Au total, ces interlocuteurs bénévoles ont passé plus de 800 heures en 2021 à parler individuellement aux étudiants. Grâce à leur nouvelle connaissance de l’anglais, de nombreux étudiants ont décroché des emplois sûrs et bien rémunérés dans des centres d’appels et d’autres endroits nécessitant des compétences linguistiques, et sont fiers de contribuer au revenu de leur famille.
En janvier 2022, CanTeach a ajouté un volet virtuel pour les Salvadoriens qui enseignent l’anglais. À la fin de l’année, les bénévoles avaient cumulé environ 300 heures de conversation avec eux.
« J’étais sur place en août 2022 et j’ai pris un café avec certains des enseignants, raconte Mme Colquhoun. Ils étaient déjà compétents et, à bien des égards, n’avaient pas besoin du programme, mais leur confiance s’est beaucoup accrue et c’est ce qui a fait toute la différence. Pourtant, j’ai été étonnée qu’ils me considèrent comme une mentore. »
Les mentors jouent un rôle décisif en partageant leurs connaissances, leur expérience, leurs conseils et leurs encouragements. Un mentor va souvent aider une personne possédant moins d’expérience ou plus jeune à développer et à atteindre des objectifs de carrière ou de vie. Cet accompagnement peut aussi permettre à des collègues de perfectionner leurs compétences et d’améliorer leurs performances, comme l’a fait Mme Colquhoun avec les professeurs d’anglais au Salvador.
Le mentorat peut changer des vies, soutient Mentor Canada, une coalition d’organisations offrant une démarche d’accompagnement aux jeunes au Canada. Un sondage de Mentor Canada effectué en 2021 a démontré que les jeunes bénéficiant de l’aide de mentors étaient deux fois plus susceptibles d’avoir terminé leurs études secondaires que leurs collègues sans mentor.
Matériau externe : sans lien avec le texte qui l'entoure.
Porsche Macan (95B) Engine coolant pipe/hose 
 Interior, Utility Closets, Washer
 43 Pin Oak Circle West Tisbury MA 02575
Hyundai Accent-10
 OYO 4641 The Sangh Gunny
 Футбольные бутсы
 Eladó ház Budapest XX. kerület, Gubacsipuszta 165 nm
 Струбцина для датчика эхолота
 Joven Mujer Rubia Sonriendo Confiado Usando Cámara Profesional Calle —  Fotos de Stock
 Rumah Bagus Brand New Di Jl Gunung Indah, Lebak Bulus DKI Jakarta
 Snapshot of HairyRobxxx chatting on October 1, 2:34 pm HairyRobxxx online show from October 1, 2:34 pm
Ils étaient 95 pour cent plus susceptibles d’avoir poursuivi leurs études et deux fois plus enclins à ressentir un sentiment d’appartenance à leur communauté.
L’Université métropolitaine de Toronto (anciennement Ryerson) a compris depuis longtemps le pouvoir des mentors, comme en témoigne son programme Tri-Mentoring (trimentorat) instauré en 2001.
« Les conseillers pédagogiques avaient constaté que certains groupes d’étudiants qui avaient été admis à l’université avaient du mal à y rester, explique Jennifer Barcelona, qui dirige le programme. Nous espérions que chaque étudiant inscrit à notre université éprouve un sentiment d’appartenance et ne soit pas contraint de laisser son identité derrière lui. »
Le programme de trimentorat associe les étudiants de trois façons différentes : le mentorat entre pairs associe les étudiants de première et de deuxième année pour faciliter la transition à l’université; le mentorat de groupe aide les Noirs, les LGBTQ2I, les Asiatiques de l’Est et du Sud-Est, les Autochtones et d’autres groupes à entrer en contact et à partager leurs expériences; quant au mentorat professionnel, il associe les étudiants de troisième année à des professionnels de l’industrie pour leur fournir un aperçu du monde du travail.
Lors de sa première année d’existence, le programme a créé 60 mentorats. Au cours des 21 dernières années, plus de 30 000 étudiants ont été ainsi encadrés.
De plus, les étudiants mentorés ne sont pas les seuls à bénéficier d’un tel accompagnement.
L’expérience du trimentorat s’est avérée tellement positive qu’au moins 80 pour cent des mentors sont eux-mêmes d’anciens étudiants mentorés. « Les diplômés de notre programme sont toujours prêts à donner de leur temps comme mentors ou conférenciers invités », explique Mme Barcelona.
Mentor Canada a aussi constaté que les jeunes ayant bénéficié de l’appui d’un mentor avaient deux fois plus tendance à être eux-mêmes intéressés par le mentorat que les autres.
Quant à Mme Colquhoun, elle ajoute « j’aime beaucoup le temps passé avec les étudiants et les enseignants au Salvador. Le travail m’a vraiment donné un objectif pendant la COVID-19, en plus de me permettre d’apprendre assez d’espagnol pour pouvoir écrire un courriel et suivre les cours en classe ».